Matrimony.com Limited
- Type: Public
- Traded as: NSE: MATRIMONY BSE: 540704
- Industry: Matchmaking
- Founded: 14 April 1997
- Founder: Murugavel Janakiraman
- Headquarters: Chennai, India
- Brands: BharatMatrimony
- Revenue: ₹481 crore (US$50 million) (FY24)
- Net income: ₹49 crore (US$5.1 million) (FY24)
- Number of employees: 4,000
- Website: matrimony.com

= Matrimony.com =

Indian matchmaking company

Matrimony.com Limited is an Indian online matrimonial service company, whose flagship brand is BharatMatrimony. The company has 20 offices in India, with additional offices in the US, Dubai and Bangladesh.

The company runs BharatMatrimony, Assistedmatrimony, and Elite Matrimony., along with websites catering regionally such as BengalMatrimony.com, MarathiMatrimony.com, GujaratiMatrimony.com, PunjabiMatrimony.com, HindiMatrimony.com, SindhiMatrimony.com, KannadaMatrimony.com, KeralaMatrimony.com, TeluguMatrimony.com and TamilMatrimony.com, which were all initiated in 2000.

==History==
In 2005, BharatMatrimony launched BharatMatrimony Centres, its offline division.
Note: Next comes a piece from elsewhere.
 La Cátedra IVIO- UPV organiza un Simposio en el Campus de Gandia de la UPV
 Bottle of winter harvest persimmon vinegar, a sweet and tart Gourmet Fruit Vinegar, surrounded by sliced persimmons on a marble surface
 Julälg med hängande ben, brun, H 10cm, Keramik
In 2012, the company started Matrimony Directory, a wedding vendors classifieds portal.

In 2006, Bharat Matrimony earned an entry in the Limca Book of World Records for having facilitated the most documented marriages online in India.

In 2013, Consim Info changed name to Matrimony.com

In 2021, Matrimony launched BharatJodii App which is a vernacular matchmaking app for lower income groups and blue-collared workers.

In 2022, Matrimony.com started 'RainbowLuv' to cater to people from the LGBTQIA+ community.

==Services==
===Assisted Matrimony===
The company launched the personal assisted service in 2008 with BM Privilege. This was then renamed Privilege Matrimony in 2009, and later Assisted Matrimony.

===Elite Matrimony===

"Elite Matrimony", launched in 2008, caters to wealthy individuals. The website employs staff who assist members in searching for potential partners, and its services are available only to invited members who must pay a matchmaking service fee. The site was founded in 2008 by Murugavel Janakiraman in Chennai.